After a sacrifice and ground out, Tom Gorzelanny still looked to be in complete control, cruising along on a three hitter, even without a fastball. But Brandon Phillips and Jeff Keppinger both walked on full counts. Edwin Encarnacion came up with the bases juiced, and a hit would make an entirely new ball game out of it.
John Russell, who has shown a great deal of trust in his pitching staff so far (not that he has much choice, given the innings his bullpen have thrown already), elected to let the struggling Gorzo work out of it.
And he did, getting Encarcion on a grounder to Rivas, playing at second today (and he looks much more comfortable there than at short.) Unlike the past couple of skippers, Russell will never be accused of being Captain Hook, and we think his pitchers will respond to that trust. Either that or their arms will fall off.
The Pirates sure took notice and responded in their half of the inning. Nate McLouth led off with a double to left. An out later, Jason Bay legged out an infield hit, and Doumit brought in McLouth with a fly to right. With two away, Xavier Nady blasted his 4th homer, and the game had gotten away from the Reds.
They tried to come back in the seventh. A one out triple and a walk brought Frankie Osaria into the game. He promptly served up a run scoring single, and was looking at two on, one out, with Cory Patterson and Ken Griffey Jr. on deck, licking their chops. He got them both on come-backers, and the Reds had blown their last opportunity to make a run at winning this game.
Two infield singles and a walk led to another Buc marker in their half of the seventh. Then with two away, Bay launched his third dinger of the season, all in the past four days, and the final nail was driven into Cincinnati's coffin.
In those two innings, the Reds stranded five runners. The Pirates plated five runs with two outs. That kind of clutch performance by the pitchers and the batters will turn any game into a laugher.
On the Pirate front: Pittsburgh is back at .500 with a 6-6 mark thanks to the sweep of the Reds (it's so much more enjoyable being the broom instead of the dust!) The Bucs are three behind the Cards, and more importantly, aren't letting the division leaders get too far out of sight.
As to be expected, the Pirates are dropping a bit in the runs side of the NL and gaining ground on the pitching list. They're 6th in runs scored with 54, although only 9th in average, hitting .252. Being 4th in walks, with 46, is helping the cause.
The pitching was the worst in MLB a week ago, but is on the upswing. The Pirates are 13th in the NL in ERA at 4.71 and 14th in runs yielded at 64. You can take those stats a couple of ways - as bad as it is, last year the team ERA was 4.93. Yah, we try to forget, too.
After the Atlanta series threw the staff into a abyss, they're slowly clawing their way back to respectability. Maybe if the Bucs didn't lead the majors in errors, the ascent would be a bit more noticeable.

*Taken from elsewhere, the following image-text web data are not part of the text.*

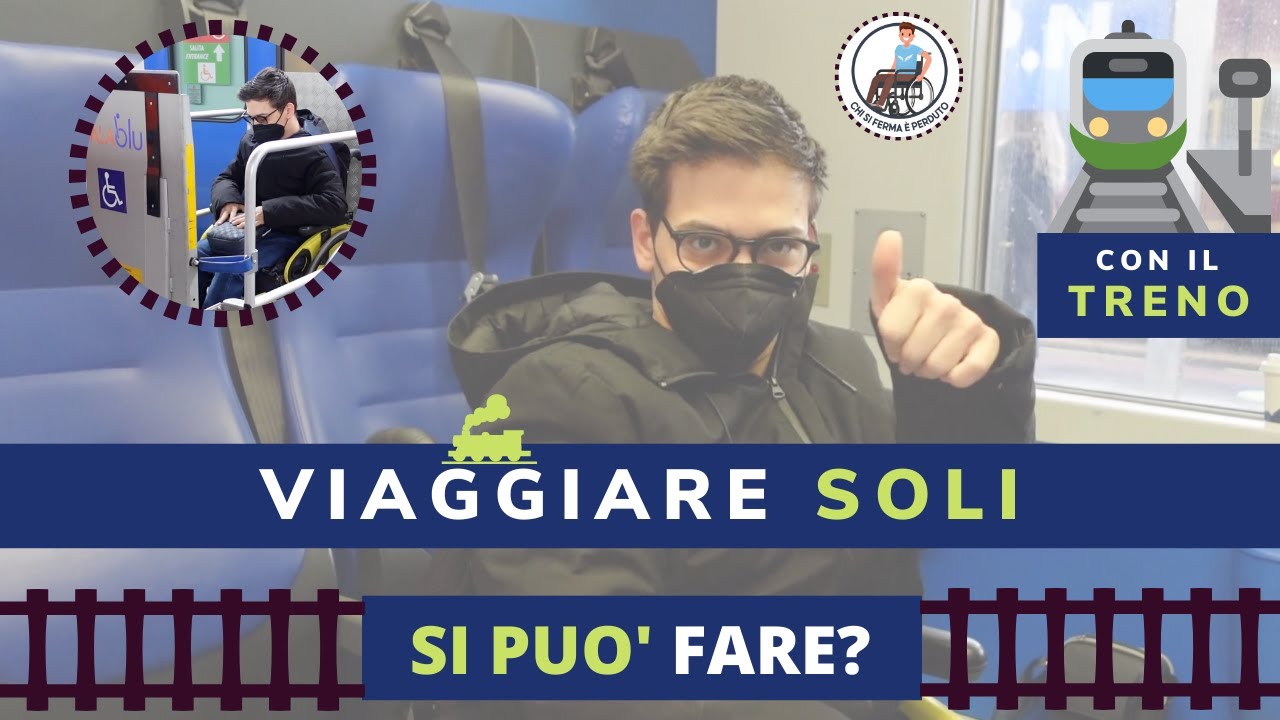 Viaggiare in TRENO in autonomia? - Si può fare!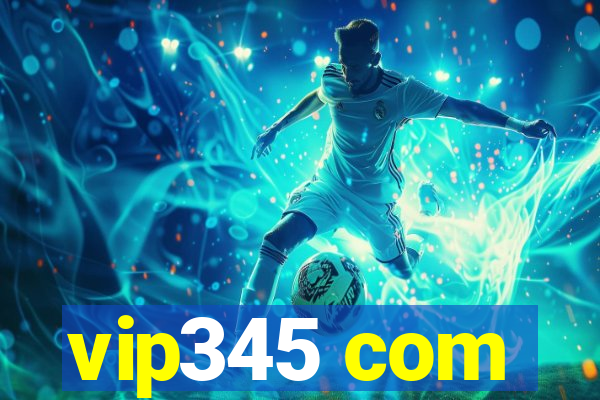 vip345 com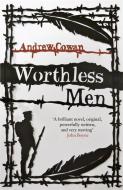 Worthless Men di Andrew Cowan edito da Hodder & Stoughton General Division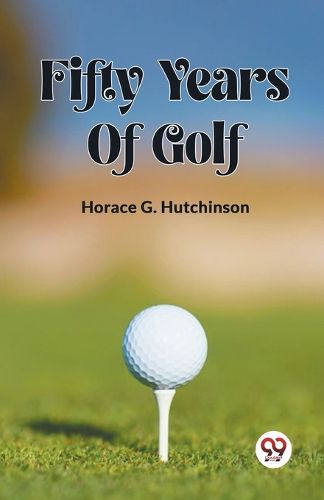 FIFTY YEARS OF GOLF (Edition2023)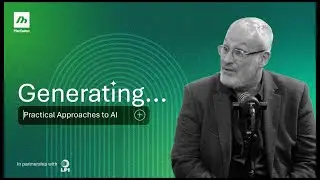 Generating... | Practical Approaches to AI: Breaking 50 Years of Work Habits at Microsoft UK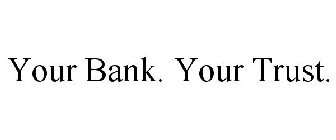 YOUR BANK. YOUR TRUST.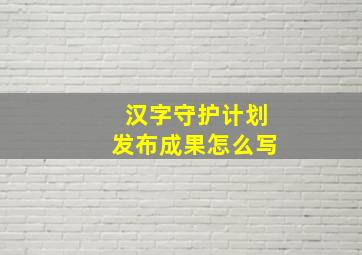 汉字守护计划发布成果怎么写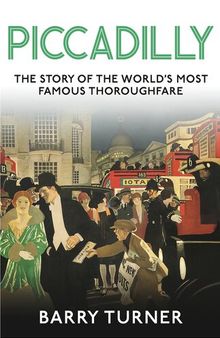 Piccadilly: The Story of the World's Most Famous Thoroughfare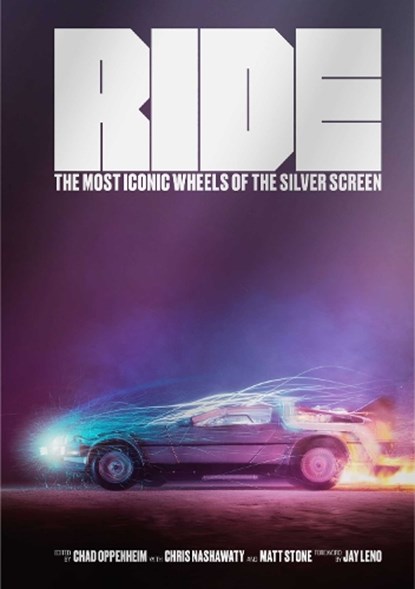 Ride, Chad Oppenheim ; Chris Nashawaty ; Matt Stone - Gebonden - 9781962098281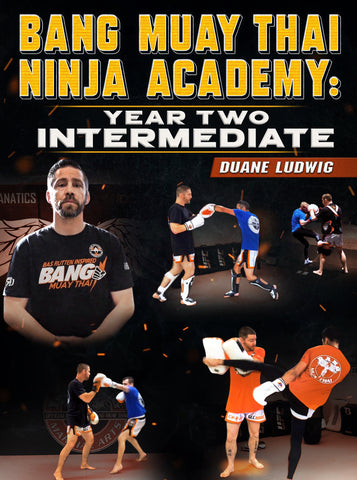 Bang Muay Thai Ninja Academy: Intermediate - Year Two by Duane Ludwig - Dynamic Striking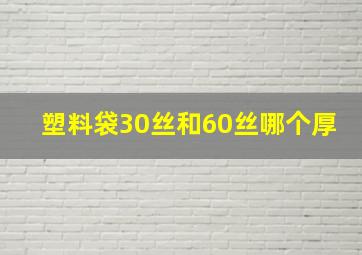 塑料袋30丝和60丝哪个厚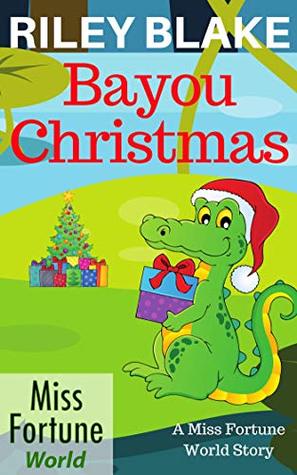 Bayou Christmas (Miss Fortune World: Bayou Cozy Romantic Thrills Book 3)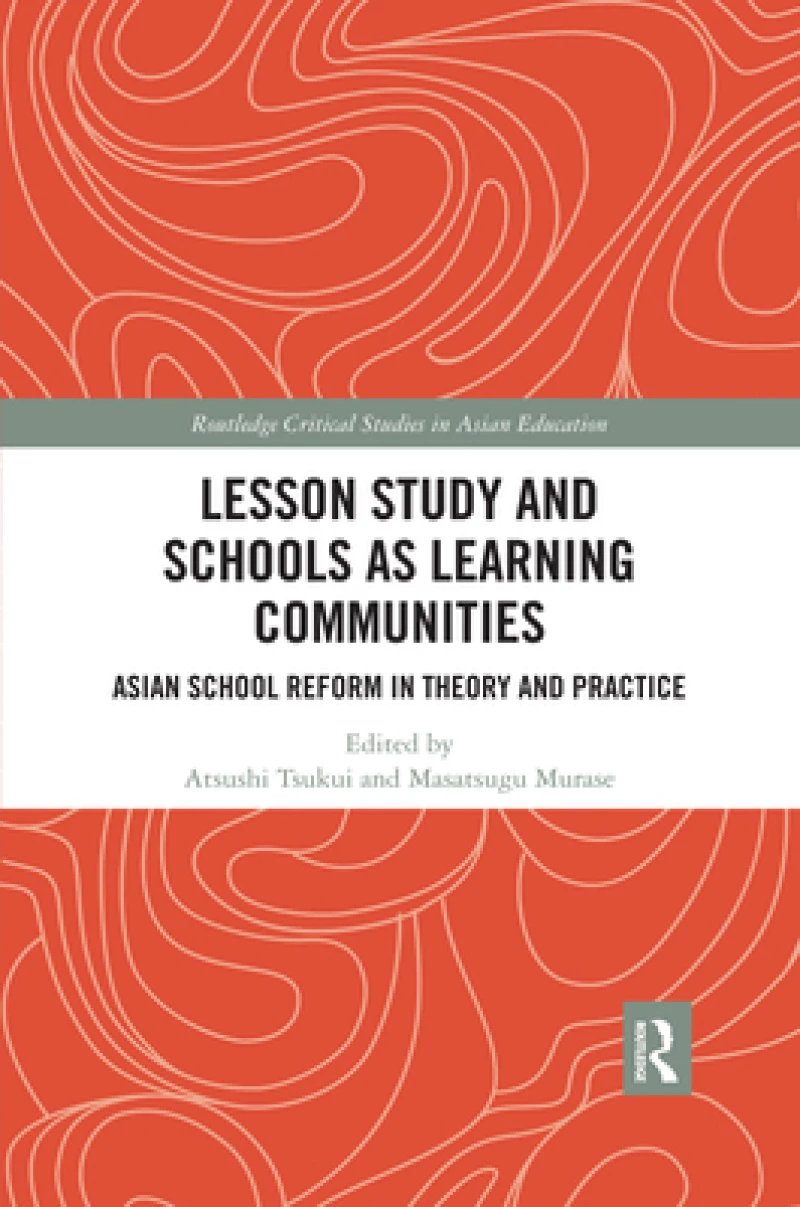 Lesson Study and Schools as Learning Communities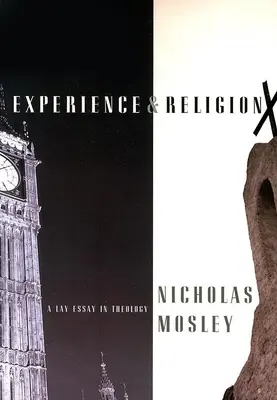 Zkušenosti a náboženství: Laická teologická esej - Experience & Religion: A Lay Essay in Theology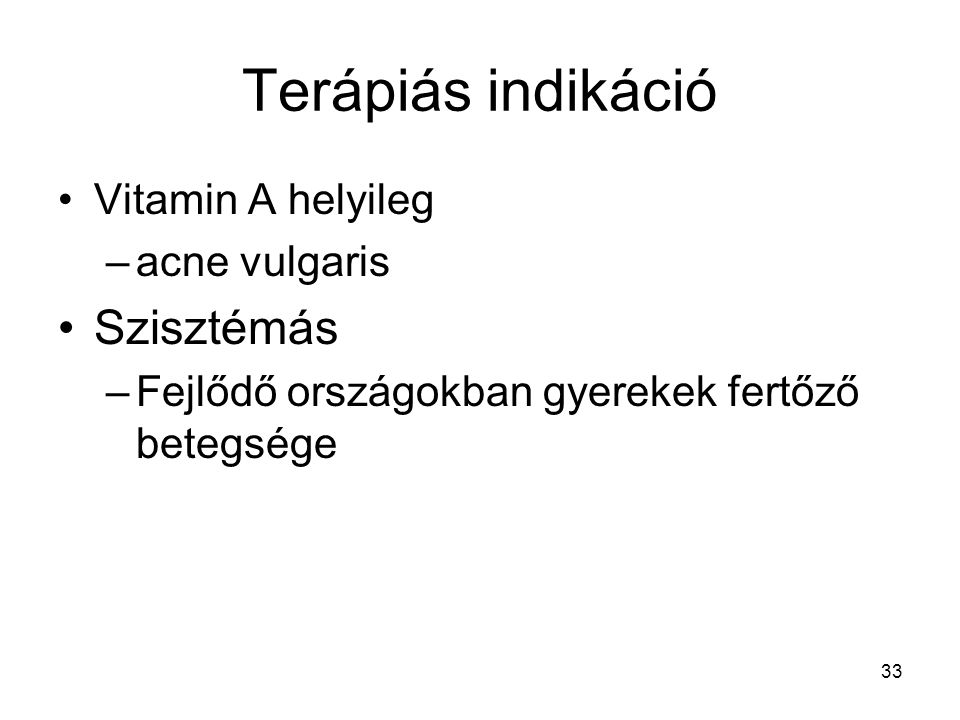 Terápiás indikáció Szisztémás Vitamin A helyileg acne vulgaris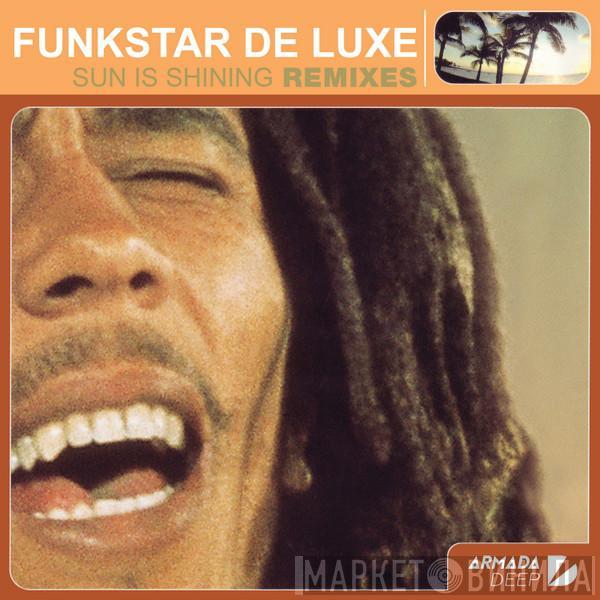  Funkstar De Luxe  - Sun Is Shining (Remixes)
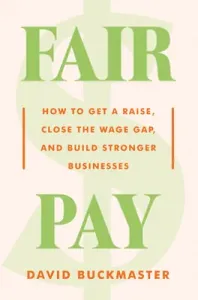 Fair Pay: How to Get a Raise, Close the Wage Gap, and Build Stronger Businesses (Buckmaster David)(Pevná vazba)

A not so pleasant thought - Jack Wilson is still hobbling and may need more time to come back than originally thought. Freddie Sanchez' arm is still a big issue, too. We're taking a guess, but it seems likely that once Wilson gets back from the DL, there's a fair chance Sanchez may go on it.
And what were the MLB schedule makers thinking? The Bucs will make 3 trips to the West Coast this year, all solo series. Pittsburgh goes to LA (4/14-16) next, and they don't visit the G-Men (9/3-7) and Padres (9/26-28) until September. San Diego is the Bucs last series of the year, in fact.
On the MLB front: A construction worker told the papers that he buried a Red Sox jersey in concrete while working on the new Yankee Stadium, hoping to put a curse on the Bronx Bombers. The Yank brass laughed it off and denied it all.
But after talking to a couple of other hard hats, they broke out the jackhammers and 5 hours of digging later, they unearthed a David Ortiz jersey. The curse has been exorcised from the Stadium, but a new one may be at hand for the talkative cement worker. The Yankees are considering suing him.